_The input:_
== Segment start ==

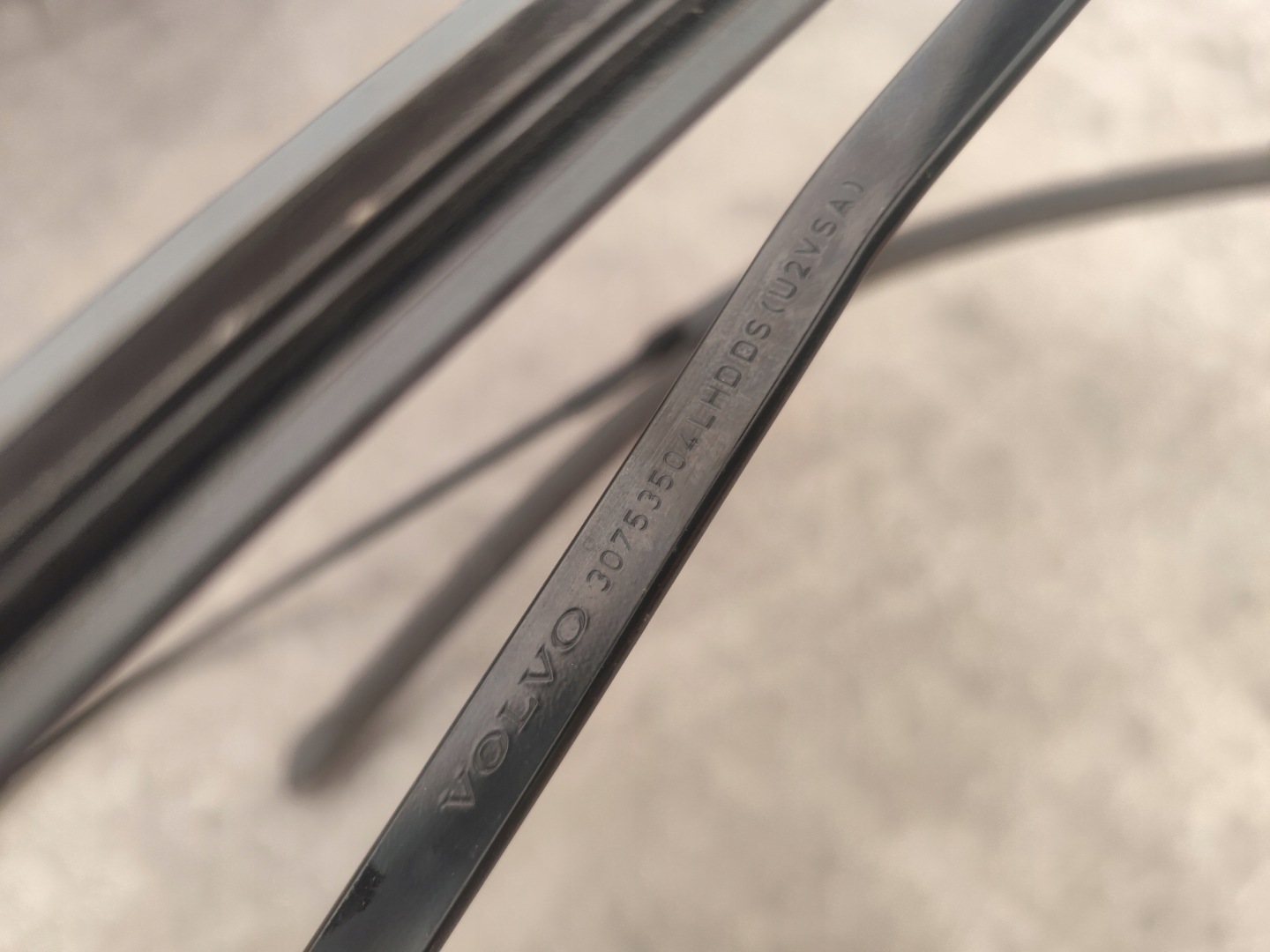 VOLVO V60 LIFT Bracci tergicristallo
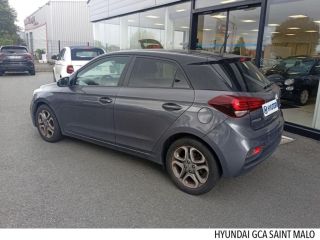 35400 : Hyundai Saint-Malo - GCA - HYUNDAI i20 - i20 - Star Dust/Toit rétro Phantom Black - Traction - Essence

== Segment end ==
== Segment start ==

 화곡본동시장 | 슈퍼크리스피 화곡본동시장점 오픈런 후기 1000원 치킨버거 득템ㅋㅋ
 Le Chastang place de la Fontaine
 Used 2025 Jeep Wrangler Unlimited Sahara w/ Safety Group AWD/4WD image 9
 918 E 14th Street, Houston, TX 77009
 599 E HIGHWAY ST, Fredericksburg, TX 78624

== Segment end ==

_What the task asks:_
What you give back should be only the lines of the records above, starting at the line with "화곡본동시장 | 슈퍼크리스피" and ending at the line with "599 E HIGHWAY ST, Fredericksburg, TX 78624", restated word for word.

_Solution to this problem:_
 화곡본동시장 | 슈퍼크리스피 화곡본동시장점 오픈런 후기 1000원 치킨버거 득템ㅋㅋ
 Le Chastang place de la Fontaine
 Used 2025 Jeep Wrangler Unlimited Sahara w/ Safety Group AWD/4WD image 9
 918 E 14th Street, Houston, TX 77009
 599 E HIGHWAY ST, Fredericksburg, TX 78624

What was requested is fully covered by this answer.